佐治敬三氏はサントリーのCM部隊にいつも「オモロイことやれよ」と声をかけ、作家の開高健氏や山口瞳氏、イラストレーターの柳原良平氏ら俊英を育てた。彼らの後輩たちはオモロイことに一生懸命になるDNAを受け継ぎ、オモロイCMへの挑戦を続けた。

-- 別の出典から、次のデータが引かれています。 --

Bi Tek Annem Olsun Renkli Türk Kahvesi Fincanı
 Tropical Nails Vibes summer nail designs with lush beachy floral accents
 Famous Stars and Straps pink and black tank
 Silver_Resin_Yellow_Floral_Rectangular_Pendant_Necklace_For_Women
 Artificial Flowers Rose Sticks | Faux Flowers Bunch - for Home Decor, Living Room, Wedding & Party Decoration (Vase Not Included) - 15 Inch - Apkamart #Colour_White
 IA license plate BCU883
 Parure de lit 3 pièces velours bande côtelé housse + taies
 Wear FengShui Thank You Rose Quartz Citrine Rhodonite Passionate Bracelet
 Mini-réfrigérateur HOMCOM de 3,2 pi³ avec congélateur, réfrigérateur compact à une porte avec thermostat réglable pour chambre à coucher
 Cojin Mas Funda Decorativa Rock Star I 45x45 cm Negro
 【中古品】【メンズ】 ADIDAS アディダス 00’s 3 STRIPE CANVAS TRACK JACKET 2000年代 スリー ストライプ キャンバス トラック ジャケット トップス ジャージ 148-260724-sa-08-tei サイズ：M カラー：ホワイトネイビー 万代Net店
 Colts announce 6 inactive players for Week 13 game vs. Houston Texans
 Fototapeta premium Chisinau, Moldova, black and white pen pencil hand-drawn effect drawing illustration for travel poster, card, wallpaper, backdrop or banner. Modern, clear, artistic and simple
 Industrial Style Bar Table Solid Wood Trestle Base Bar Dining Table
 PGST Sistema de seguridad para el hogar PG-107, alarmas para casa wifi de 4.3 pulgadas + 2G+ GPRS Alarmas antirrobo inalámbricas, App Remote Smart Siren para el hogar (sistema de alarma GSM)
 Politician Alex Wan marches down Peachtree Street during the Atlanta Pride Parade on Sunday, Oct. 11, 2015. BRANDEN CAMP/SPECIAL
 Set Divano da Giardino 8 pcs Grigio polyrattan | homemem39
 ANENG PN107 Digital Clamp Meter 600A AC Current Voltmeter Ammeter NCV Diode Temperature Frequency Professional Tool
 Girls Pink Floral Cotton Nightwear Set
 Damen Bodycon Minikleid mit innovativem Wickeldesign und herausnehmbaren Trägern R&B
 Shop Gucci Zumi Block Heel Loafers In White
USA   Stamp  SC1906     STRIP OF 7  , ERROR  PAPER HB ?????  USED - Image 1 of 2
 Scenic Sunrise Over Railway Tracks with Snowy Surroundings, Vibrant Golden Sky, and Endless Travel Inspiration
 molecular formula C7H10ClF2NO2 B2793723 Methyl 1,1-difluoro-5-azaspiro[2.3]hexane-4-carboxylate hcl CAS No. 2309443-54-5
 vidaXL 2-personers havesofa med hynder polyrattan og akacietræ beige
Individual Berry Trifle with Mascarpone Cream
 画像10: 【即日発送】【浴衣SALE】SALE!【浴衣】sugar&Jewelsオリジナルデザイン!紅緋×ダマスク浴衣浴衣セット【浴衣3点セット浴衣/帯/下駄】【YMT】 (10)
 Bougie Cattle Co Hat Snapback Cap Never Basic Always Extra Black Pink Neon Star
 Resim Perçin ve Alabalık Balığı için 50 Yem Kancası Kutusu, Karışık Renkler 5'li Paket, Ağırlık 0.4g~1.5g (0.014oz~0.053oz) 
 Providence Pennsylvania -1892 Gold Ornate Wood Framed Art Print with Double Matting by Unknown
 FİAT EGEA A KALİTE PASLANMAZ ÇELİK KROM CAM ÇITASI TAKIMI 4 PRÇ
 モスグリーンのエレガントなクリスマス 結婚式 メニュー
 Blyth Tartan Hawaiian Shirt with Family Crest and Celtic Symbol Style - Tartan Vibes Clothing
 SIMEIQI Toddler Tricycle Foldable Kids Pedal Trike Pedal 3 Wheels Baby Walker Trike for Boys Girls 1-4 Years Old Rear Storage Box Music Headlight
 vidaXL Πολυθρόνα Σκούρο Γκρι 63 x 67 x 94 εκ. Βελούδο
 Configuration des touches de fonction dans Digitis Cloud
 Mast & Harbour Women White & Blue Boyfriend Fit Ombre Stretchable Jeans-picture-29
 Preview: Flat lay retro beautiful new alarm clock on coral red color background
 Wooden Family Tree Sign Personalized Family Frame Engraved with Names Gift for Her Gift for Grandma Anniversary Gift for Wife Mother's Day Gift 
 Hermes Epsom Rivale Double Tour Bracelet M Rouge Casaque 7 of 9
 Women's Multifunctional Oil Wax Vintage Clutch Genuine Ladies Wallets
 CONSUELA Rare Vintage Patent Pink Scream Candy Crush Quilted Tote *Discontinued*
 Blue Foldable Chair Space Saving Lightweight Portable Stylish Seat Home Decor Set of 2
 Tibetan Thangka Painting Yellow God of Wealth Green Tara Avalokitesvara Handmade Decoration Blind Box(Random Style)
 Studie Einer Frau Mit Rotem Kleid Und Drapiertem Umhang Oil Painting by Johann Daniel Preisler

家庭で楽しむ上質な飲み物のイメージで檀れいさんを起用=サントリー提供

家庭で楽しむ上質な飲み物のイメージで檀れいさんを起用=サントリー提供

1983年8月、伝説的なビールのテレビCMが初放映された。英語で「SWEET MEMORIES」を歌ったのはアニメのペンギン。スナック菓子のキャラクター「カールおじさん」で有名なひこねのりお氏がデザインした。「実写で青空、海辺、豪快に飲み干すという、ビールCMの3点セットのパターンを崩したかった」とサントリービジネスエキスパートの山田真二常務は語る。

英語の歌詞にこだわった。「きっと話題になる」と計算したからだ。「誰が歌っているのか」と、問い合わせがお客様センターに殺到した。本来の業務に支障が出て急きょ「唄/松田聖子」とテロップを入れた。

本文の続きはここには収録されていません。